Though it is a very common topic but still wanted to let the forum members know the essentials of a good Engine Oil in a detailed way. I got all this authentic information while searching over the internet and some specific websites. I will share the sources later when I share share some more posts with you.

Oil is the lifeline of the automobile, and it is only necessary to know a few things about the liquid that keeps our car running. Oil improves longevity of the automobile by preventing the friction between the metal surfaces in the engine while the car is in motion, thereby minimizing wear and damage.It even absorbs heat from the motor, thereby keeping it cool and doesn't allow dirt build-up by keeping the dirt deposits in suspension.

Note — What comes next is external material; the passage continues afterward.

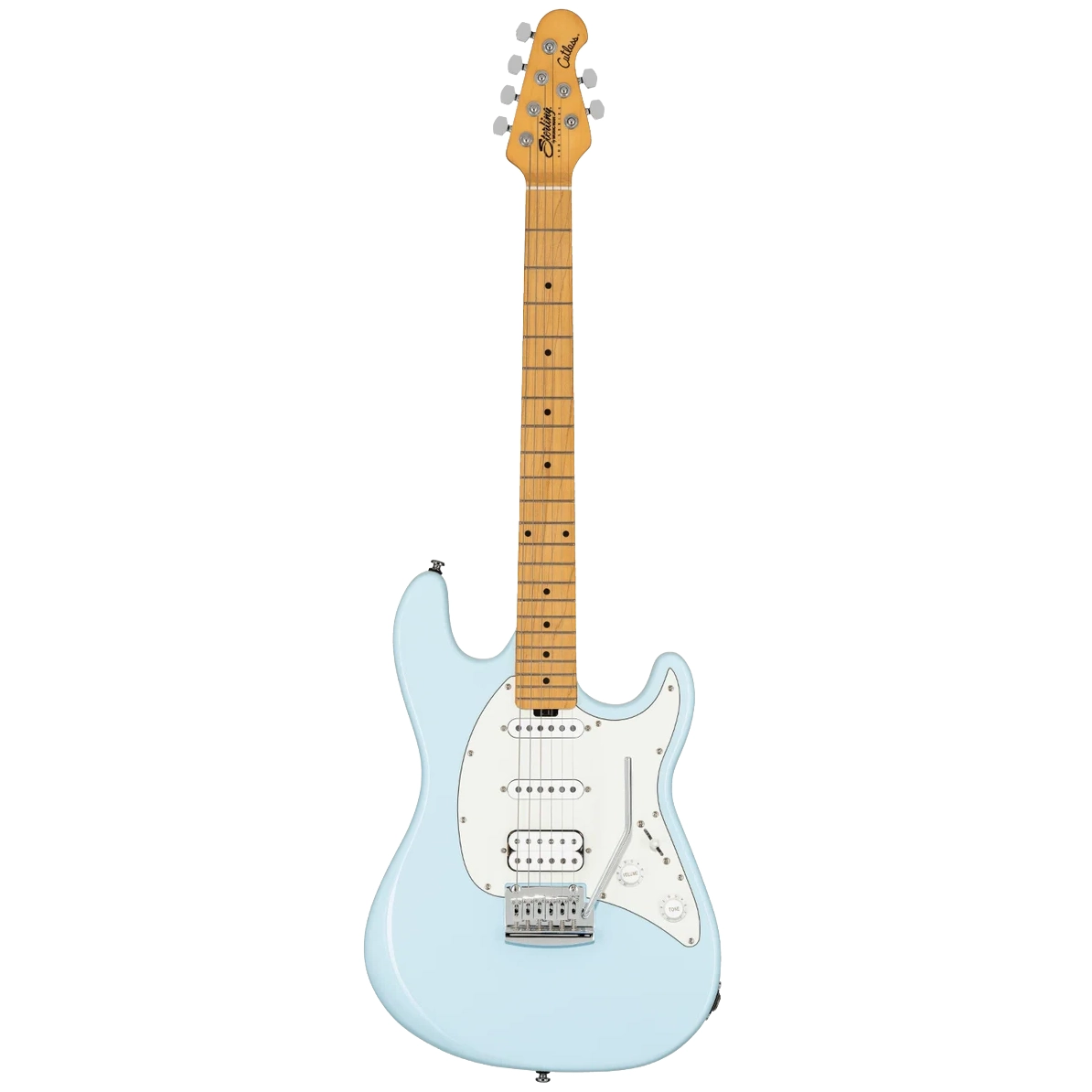Full Front of Sterling by Music Man Cutlass Classic HSS Electric Guitar, Daphne Blue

What are the types of Engine oil.

The *2 basic oil types are mineral and fully synthetic*. Engine oils are also available as a mixture of both the varieties, often labelled as ‘part’, 'semi-synthetic' or 'synthetic technology'. The types are:-


*Synthetic Engine Oils* :- Designed using expensive and highly controlled chemical processing.
*Synthetic Blend Engine Oils* :- Are a mixture of synthetic and conventional base oils
*High Mileage Engine Oil* :- Is a unique blend of high mileage motor oils and additives.
*Conventional Engine Oil* :- As the name implies, base oil is combined with a blend of chemical additives to reach the desired level of viscosity and heat resistance. It is the cheapest available at auto shops

Car manufacturers usually list the oil weight and the type of oil to enable the car deliver its best performance under adequate protection. It is also advisable to seek guidance from service personnel, particularly during hot or cold weather. The recommended shift to synthetic oils by most manufacturer oil specifications comes with a higher expenditure, but it also improves the engine's longevity with longer oil-change intervals. In conclusion, changing your car's desired engine oil at appropriate intervals at the right temperature and accurate measurements using a dipstick will go a long way towards keep your engine running smooth consistently.


----------